_Task instructions_
Please take the records that follow and repeat exactly the lines starting with the line with "J. Ferrar Ultra" and going on through the line with "Hand Painted Candles in Cream Floral".

[Short descriptive text snippets]
== Segment start ==

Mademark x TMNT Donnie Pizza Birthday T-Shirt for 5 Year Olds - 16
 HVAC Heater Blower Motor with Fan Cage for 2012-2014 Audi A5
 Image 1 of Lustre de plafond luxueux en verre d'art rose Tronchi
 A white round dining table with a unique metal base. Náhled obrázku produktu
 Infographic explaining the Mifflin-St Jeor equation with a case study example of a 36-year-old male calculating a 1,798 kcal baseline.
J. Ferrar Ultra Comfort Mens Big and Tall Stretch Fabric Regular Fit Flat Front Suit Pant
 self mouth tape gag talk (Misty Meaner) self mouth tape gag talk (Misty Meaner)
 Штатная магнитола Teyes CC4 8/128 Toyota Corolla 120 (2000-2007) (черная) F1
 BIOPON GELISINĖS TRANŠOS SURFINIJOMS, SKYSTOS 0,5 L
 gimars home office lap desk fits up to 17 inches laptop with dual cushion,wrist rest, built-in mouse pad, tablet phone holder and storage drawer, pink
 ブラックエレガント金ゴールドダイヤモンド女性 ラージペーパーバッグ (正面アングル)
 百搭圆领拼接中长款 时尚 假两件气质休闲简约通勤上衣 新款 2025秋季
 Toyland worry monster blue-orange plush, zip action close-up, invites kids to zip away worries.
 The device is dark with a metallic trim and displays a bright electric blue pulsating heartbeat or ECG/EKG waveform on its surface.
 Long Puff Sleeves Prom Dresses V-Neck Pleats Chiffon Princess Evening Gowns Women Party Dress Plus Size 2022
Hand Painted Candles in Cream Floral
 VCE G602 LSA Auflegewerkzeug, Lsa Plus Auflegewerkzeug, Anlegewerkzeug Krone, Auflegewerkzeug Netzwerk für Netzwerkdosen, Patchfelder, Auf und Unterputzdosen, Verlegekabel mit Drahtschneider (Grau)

== Segment end ==

_Solution for this exercise_
J. Ferrar Ultra Comfort Mens Big and Tall Stretch Fabric Regular Fit Flat Front Suit Pant
 self mouth tape gag talk (Misty Meaner) self mouth tape gag talk (Misty Meaner)
 Штатная магнитола Teyes CC4 8/128 Toyota Corolla 120 (2000-2007) (черная) F1
 BIOPON GELISINĖS TRANŠOS SURFINIJOMS, SKYSTOS 0,5 L
 gimars home office lap desk fits up to 17 inches laptop with dual cushion,wrist rest, built-in mouse pad, tablet phone holder and storage drawer, pink
 ブラックエレガント金ゴールドダイヤモンド女性 ラージペーパーバッグ (正面アングル)
 百搭圆领拼接中长款 时尚 假两件气质休闲简约通勤上衣 新款 2025秋季
 Toyland worry monster blue-orange plush, zip action close-up, invites kids to zip away worries.
 The device is dark with a metallic trim and displays a bright electric blue pulsating heartbeat or ECG/EKG waveform on its surface.
 Long Puff Sleeves Prom Dresses V-Neck Pleats Chiffon Princess Evening Gowns Women Party Dress Plus Size 2022
Hand Painted Candles in Cream Floral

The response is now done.